Remember what quizzing glasses are? Those small lenses worn as a piece of jewelry round the neck for when the wearer wished to have a better look at something (say, a handsome young earl coming into the ballroom)? Well, here you go: This one dates to about 1820 and is made of silver, with decorative scrollwork around its rim and a simple twisted loop handle. It measures a little under three inches long. It came with a small leather holder, which suggests it might have resided in someone’s pocket or reticule for occasional use rather than being worn around the neck on a ribbon or chain. Interestingly, the glass is held in with a screw (you can just see where it fits in, between the small loop and the lens frame) so that it could be changed; the one in there works well as a magnifying glass, so maybe the owner used it for reading.
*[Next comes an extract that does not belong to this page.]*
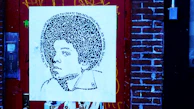 Close-up of a detailed portrait blending Portuguese cultural motifs with modern street art.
And then there’s the lorgnette, or specs on a stick. These appear to be a nice sturdy brass, about five and a half inches long with the lenses about an inch and a quarter across. But wait! you’re saying. Where’s the other lens? Well, this is pretty slick. See the small rings around the handle near the small loop at the end of the handle? They’re actually a latch: if you slide them down just a little, a catch releases and voila! The second lens is released and swivels out. This certainly makes it less awkward to wear them on a necklace. There’s some pretty ornamentation on the nose bridge as you can see in the second photo, and like the quizzing glass above, the lenses can be changed.

And just as a side note, I noticed a gent (the one in the green coat, peering at the horses) wearing specs in this 1820 illustration by Cruikshank from Pierce Egan's well-known Life in London, or The Day and Night Scenes of Jerry Hawthorn, Esq. and his Elegant Friend Corinthian Tom in Their Rambles and Sprees through the Metropolis. Tom and Jerry weren't the only ones making a spectacle of themselves at this time!